Tuesday, November 30, 2010

Ostracism

I've spent many years observing social interactions in hallways and recess courtyards of schools. As we enter a season that traditionally is about caring, sharing and peacemaking, I want to tell a little fable.

Once upon a time there was a misfit, a 13 year old boy who was not handsome. He was overweight, had hair that looked like his mom cut it with blunt scissors, and wore thick, thick glasses that distorted his eyes. Whatever outfits the other students wore, the boy always seemed to wear something that didn't fit in; if they wore cut-offs, he wore a suit and tie, if they dressed up, he wore jeans.

He always sat alone at lunch. If someone sat at the same table, they were careful to put at least 4 or 5 feet between them. After a while he stopped going to lunch. When someone sat next to him or walked next to him by accident, then the other students kept away from that person too - far away. The boy didn't talk much. He withdrew into himself and set up a kind of cloud of sadness around him, making others avoid him even more. He didn't get good grades and was always picked last when they chose teams. He was bitterly lonely, but he told his mom that everything was fine at school.

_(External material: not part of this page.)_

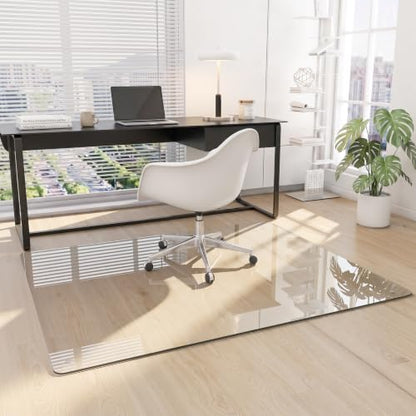 46"x55" Tempered Glass Office Chair Mat for Carpet & Hardwood Floor | 1/5" Thick Clear Floor Protector Desk Chair Mat with Rounded and Polished Edges, Resist Scratching, Cracking, Curling - size: 46"x55"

The boy spent most, if not all, of his adult years recovering from his adolescence.

This boy could be you and I. We've all seen people like the boy, whether male or female, in public school or at a senior citizen book club. What would it take for people to reach out and sit with someone who is ostracized and risk their own status? Is the responsibility of education only to teach curriculum, or is there something even more important? The arts teach empathy, but need to go much farther. We need not only to feel what it's like to wear someone else's shoes, but also to learn what to do as a result of understanding what that person is going through.